++++ RECORDS TO PROCESS

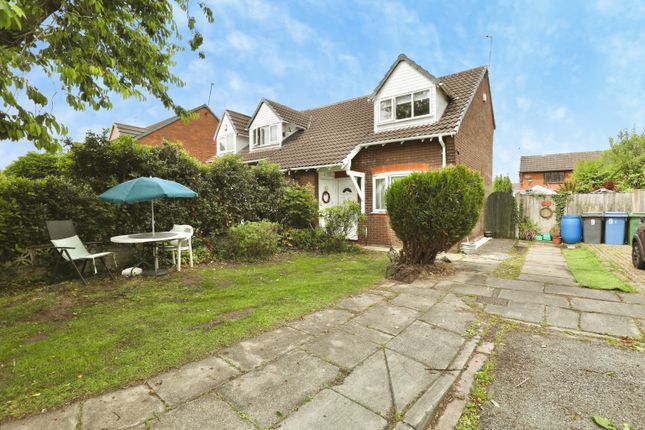 2 bed property, in Oakhill Close, £165,000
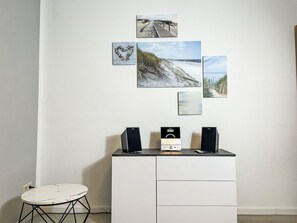 Flooring, Fussboden, Möbel, Zimmer, Cabinetry, Schublade, Bilderrahmen, Kommode, Anrichte, Zimmerpflanze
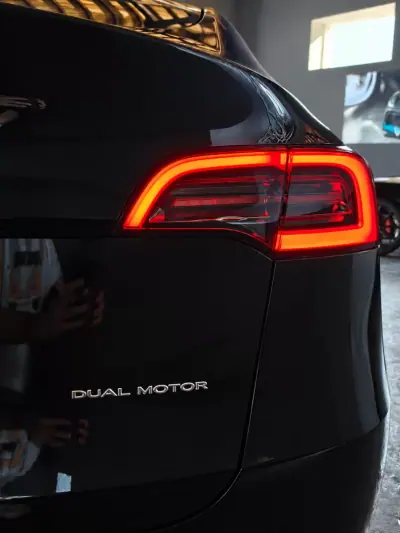 Tesla Model Y 2023 - 38490 EUR, 74953 km - 74953km - foto 7 de 25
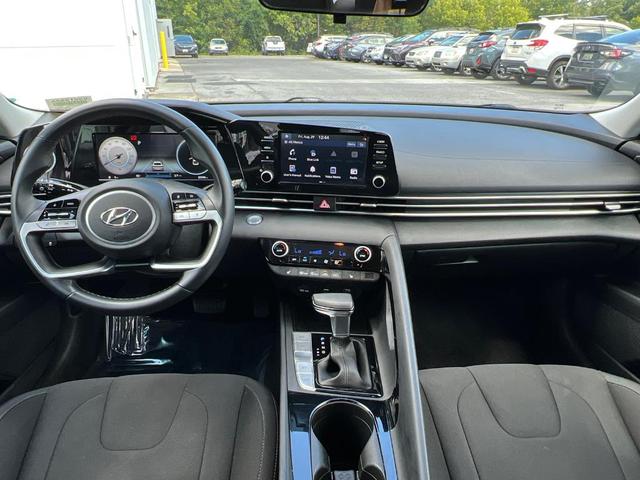 Photo of 2021 Shimmering Silver Pearl Hyundai ELANTRA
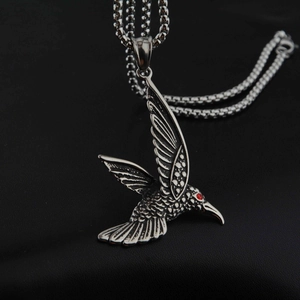 Collier avec pendentif aigle argenté vintage, œil en strass rouge et chaîne à perles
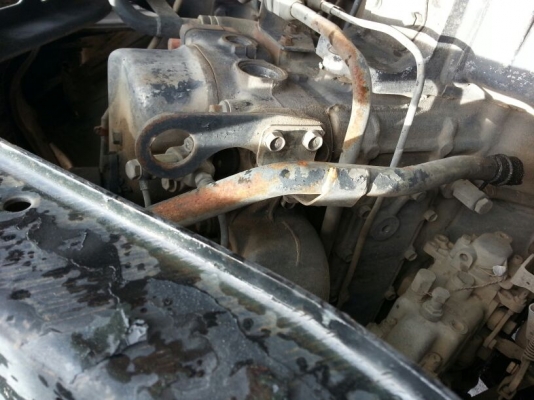 รถนิสสัน UD  10  ล้อ หัวลาก 180 แรงม้า. ปี 34  (  * ขายตามสภาพ. / มีขาย 2 คัน.  )   สนใจติดต่อ 081 - 6079515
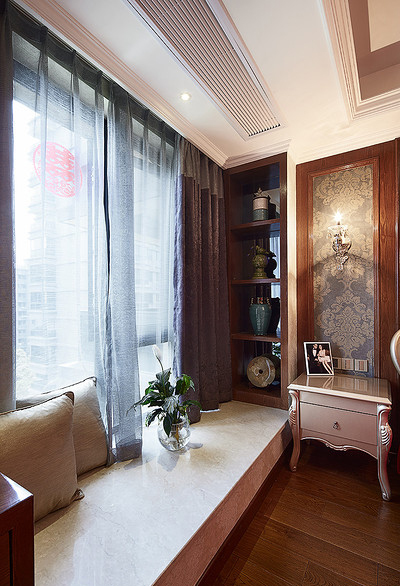 卧室图片来自家装大管家在最爱美式风格 120平悠闲典雅3居的分享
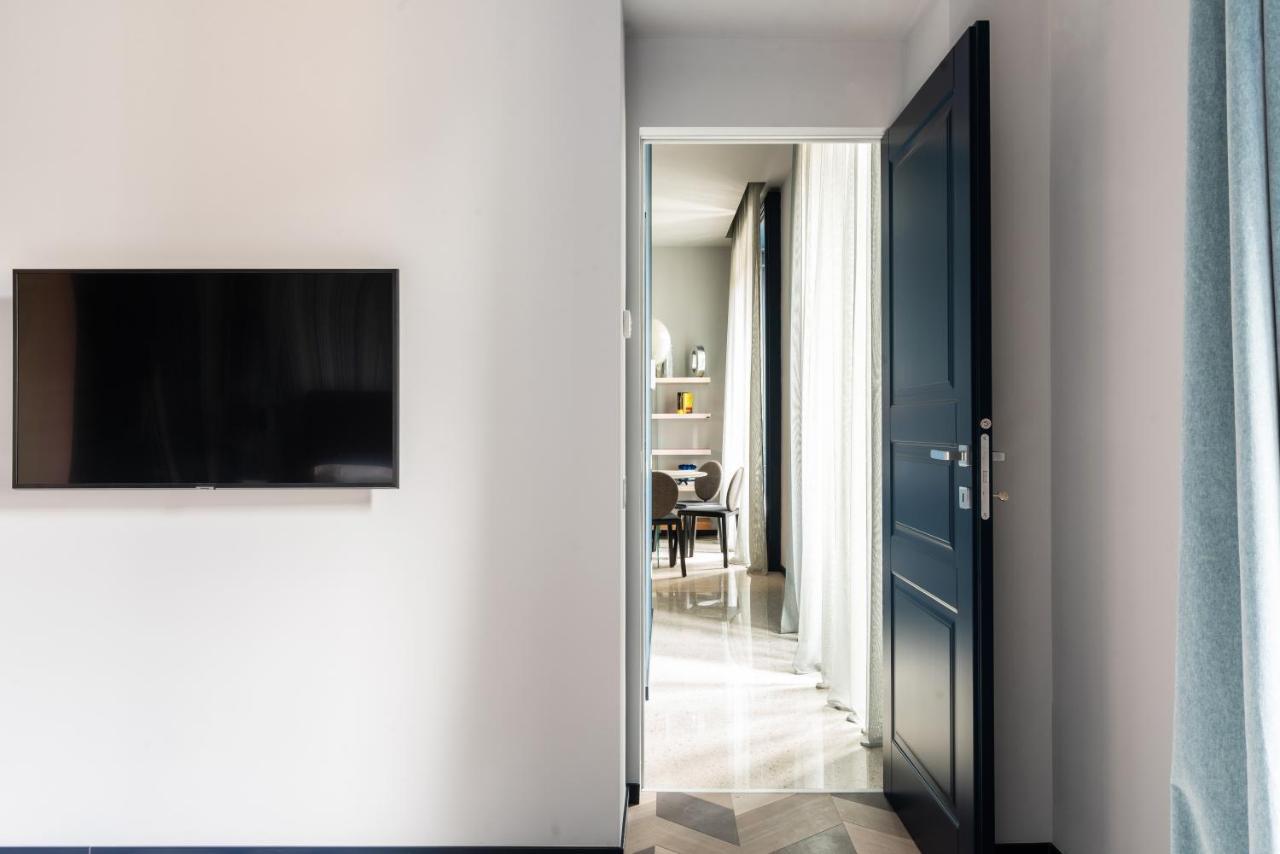 Palazzo Visconti - By Myhomeincomo * Como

++++++++

*AIM OF THE EXERCISE*
The material above should be repeated word for word, with every picture omitted.

*REPLY*
 2 bed property, in Oakhill Close, £165,000
 Flooring, Fussboden, Möbel, Zimmer, Cabinetry, Schublade, Bilderrahmen, Kommode, Anrichte, Zimmerpflanze
 Tesla Model Y 2023 - 38490 EUR, 74953 km - 74953km - foto 7 de 25
 Photo of 2021 Shimmering Silver Pearl Hyundai ELANTRA
 Collier avec pendentif aigle argenté vintage, œil en strass rouge et chaîne à perles
 รถนิสสัน UD  10  ล้อ หัวลาก 180 แรงม้า. ปี 34  (  * ขายตามสภาพ. / มีขาย 2 คัน.  )   สนใจติดต่อ 081 - 6079515
 卧室图片来自家装大管家在最爱美式风格 120平悠闲典雅3居的分享
 Palazzo Visconti - By Myhomeincomo * Como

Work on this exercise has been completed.